◆ TASK BRIEF: From the records below, extract only the lines running from the line with "درخشش دختران رفاقت" to the line with "Cyclists At Grimsdalshytta Lodge", both lines included, reproducing them exactly.
********
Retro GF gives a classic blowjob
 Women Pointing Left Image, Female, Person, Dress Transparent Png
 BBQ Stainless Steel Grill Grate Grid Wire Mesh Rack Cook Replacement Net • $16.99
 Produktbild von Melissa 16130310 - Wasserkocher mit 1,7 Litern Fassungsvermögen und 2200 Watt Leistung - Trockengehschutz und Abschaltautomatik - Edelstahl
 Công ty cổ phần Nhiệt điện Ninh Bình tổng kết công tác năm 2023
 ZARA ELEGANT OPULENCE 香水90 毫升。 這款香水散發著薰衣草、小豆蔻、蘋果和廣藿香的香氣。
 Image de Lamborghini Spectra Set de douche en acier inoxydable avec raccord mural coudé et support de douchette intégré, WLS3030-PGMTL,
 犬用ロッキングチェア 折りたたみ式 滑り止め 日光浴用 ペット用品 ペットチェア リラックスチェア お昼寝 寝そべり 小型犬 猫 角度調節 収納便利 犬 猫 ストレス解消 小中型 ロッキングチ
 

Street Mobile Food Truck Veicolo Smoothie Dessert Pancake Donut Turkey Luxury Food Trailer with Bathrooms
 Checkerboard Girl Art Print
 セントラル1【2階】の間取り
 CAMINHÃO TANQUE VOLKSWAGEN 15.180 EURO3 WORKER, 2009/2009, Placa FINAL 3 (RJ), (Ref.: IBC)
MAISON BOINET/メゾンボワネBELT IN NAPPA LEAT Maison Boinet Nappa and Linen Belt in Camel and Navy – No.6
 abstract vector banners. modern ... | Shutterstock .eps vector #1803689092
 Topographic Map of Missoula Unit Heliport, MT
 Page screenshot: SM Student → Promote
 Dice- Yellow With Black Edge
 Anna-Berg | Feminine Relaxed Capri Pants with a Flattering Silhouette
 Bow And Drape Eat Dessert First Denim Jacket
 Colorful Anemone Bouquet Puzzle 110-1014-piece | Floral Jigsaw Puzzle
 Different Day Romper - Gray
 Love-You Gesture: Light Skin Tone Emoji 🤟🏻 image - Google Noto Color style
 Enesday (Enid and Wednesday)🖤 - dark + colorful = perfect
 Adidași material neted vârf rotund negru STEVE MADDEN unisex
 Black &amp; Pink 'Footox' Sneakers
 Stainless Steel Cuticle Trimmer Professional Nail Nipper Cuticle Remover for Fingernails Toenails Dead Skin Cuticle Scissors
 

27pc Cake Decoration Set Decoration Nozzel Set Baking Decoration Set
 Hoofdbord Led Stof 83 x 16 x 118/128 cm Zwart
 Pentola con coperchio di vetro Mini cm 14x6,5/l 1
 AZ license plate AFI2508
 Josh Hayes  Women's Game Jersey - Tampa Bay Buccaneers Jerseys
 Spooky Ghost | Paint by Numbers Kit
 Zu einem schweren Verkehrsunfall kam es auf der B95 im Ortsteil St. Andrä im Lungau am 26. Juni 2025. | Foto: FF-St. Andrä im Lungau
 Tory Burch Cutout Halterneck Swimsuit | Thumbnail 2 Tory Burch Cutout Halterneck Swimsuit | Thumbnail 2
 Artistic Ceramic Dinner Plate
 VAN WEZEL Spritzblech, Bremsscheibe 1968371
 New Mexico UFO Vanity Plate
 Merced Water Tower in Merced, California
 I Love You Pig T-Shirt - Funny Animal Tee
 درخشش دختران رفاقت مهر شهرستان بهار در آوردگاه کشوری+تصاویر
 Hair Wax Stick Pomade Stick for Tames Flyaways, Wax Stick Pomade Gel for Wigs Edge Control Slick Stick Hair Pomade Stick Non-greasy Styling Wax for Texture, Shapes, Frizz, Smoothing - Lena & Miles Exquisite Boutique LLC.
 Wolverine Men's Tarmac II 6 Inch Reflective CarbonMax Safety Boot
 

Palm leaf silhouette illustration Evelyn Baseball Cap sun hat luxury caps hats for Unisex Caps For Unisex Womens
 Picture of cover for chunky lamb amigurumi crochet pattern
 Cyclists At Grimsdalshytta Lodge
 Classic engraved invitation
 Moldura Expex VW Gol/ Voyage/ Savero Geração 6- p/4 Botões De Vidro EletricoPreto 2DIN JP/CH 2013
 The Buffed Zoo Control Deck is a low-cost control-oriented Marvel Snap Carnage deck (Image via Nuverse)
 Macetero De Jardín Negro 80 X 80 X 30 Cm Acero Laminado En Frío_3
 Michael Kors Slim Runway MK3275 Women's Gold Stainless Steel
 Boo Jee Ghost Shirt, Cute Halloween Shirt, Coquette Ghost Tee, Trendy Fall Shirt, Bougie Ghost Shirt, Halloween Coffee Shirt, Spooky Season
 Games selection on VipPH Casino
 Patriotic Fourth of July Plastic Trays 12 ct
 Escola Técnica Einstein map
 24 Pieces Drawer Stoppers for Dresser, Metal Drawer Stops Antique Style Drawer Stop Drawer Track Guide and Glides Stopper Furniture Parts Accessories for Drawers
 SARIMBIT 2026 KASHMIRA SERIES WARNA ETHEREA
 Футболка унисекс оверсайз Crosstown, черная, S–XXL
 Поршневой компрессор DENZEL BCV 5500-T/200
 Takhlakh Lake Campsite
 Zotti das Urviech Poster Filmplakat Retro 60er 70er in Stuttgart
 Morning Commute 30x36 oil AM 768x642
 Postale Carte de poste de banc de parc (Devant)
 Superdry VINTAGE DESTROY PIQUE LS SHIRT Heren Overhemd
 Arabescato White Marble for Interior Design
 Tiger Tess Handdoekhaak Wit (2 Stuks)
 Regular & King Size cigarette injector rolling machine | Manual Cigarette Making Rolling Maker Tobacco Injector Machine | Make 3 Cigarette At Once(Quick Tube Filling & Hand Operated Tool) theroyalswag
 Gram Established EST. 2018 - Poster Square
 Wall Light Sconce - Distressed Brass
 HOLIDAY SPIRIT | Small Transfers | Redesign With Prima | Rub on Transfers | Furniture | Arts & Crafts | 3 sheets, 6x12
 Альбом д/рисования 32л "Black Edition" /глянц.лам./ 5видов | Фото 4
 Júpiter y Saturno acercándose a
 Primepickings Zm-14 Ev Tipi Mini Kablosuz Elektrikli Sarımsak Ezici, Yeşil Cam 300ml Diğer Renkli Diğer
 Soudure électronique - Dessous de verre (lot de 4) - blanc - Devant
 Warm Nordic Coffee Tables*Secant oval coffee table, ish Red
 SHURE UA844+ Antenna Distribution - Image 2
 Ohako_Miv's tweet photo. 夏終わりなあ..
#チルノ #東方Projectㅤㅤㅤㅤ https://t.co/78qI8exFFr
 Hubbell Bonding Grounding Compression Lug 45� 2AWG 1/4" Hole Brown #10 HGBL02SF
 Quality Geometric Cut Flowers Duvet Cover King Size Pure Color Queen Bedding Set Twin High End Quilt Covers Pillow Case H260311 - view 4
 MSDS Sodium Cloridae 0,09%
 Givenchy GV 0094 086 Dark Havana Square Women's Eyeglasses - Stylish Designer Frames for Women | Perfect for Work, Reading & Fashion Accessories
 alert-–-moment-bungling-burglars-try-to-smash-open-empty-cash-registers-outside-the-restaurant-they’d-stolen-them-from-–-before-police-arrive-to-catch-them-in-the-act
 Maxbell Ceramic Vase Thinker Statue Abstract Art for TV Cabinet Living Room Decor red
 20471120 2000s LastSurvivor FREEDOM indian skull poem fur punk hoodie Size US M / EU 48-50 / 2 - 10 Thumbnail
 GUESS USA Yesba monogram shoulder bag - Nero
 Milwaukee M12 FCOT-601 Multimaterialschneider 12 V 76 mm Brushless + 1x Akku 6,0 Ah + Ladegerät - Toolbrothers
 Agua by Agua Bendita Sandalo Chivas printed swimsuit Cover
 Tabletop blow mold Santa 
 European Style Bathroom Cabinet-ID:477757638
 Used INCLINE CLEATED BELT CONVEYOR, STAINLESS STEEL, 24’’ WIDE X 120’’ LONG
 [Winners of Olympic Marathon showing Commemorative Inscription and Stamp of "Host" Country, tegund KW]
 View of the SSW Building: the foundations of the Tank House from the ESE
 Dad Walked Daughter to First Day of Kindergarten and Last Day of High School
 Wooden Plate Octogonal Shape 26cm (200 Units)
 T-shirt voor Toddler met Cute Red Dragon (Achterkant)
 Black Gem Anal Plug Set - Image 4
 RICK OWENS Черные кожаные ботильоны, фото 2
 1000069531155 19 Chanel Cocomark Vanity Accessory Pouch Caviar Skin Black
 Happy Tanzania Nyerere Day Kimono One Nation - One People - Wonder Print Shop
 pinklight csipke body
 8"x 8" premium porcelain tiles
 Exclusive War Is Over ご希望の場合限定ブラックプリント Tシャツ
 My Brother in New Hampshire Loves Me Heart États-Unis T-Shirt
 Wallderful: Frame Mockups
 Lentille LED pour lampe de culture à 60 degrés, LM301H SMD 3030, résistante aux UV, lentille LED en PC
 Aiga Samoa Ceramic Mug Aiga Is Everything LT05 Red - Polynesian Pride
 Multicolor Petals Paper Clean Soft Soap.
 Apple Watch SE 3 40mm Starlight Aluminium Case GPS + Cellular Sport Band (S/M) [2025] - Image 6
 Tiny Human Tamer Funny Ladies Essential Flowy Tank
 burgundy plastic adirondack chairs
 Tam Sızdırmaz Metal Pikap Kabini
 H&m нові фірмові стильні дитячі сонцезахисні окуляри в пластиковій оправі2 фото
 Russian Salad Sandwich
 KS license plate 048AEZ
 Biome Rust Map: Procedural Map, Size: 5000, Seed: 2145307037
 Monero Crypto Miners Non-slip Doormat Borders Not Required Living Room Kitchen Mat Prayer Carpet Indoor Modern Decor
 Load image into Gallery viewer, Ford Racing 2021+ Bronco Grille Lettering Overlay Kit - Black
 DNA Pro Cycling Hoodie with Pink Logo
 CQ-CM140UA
********
◆ WRITTEN RESPONSE:
 درخشش دختران رفاقت مهر شهرستان بهار در آوردگاه کشوری+تصاویر
 Hair Wax Stick Pomade Stick for Tames Flyaways, Wax Stick Pomade Gel for Wigs Edge Control Slick Stick Hair Pomade Stick Non-greasy Styling Wax for Texture, Shapes, Frizz, Smoothing - Lena & Miles Exquisite Boutique LLC.
 Wolverine Men's Tarmac II 6 Inch Reflective CarbonMax Safety Boot
 

Palm leaf silhouette illustration Evelyn Baseball Cap sun hat luxury caps hats for Unisex Caps For Unisex Womens
 Picture of cover for chunky lamb amigurumi crochet pattern
 Cyclists At Grimsdalshytta Lodge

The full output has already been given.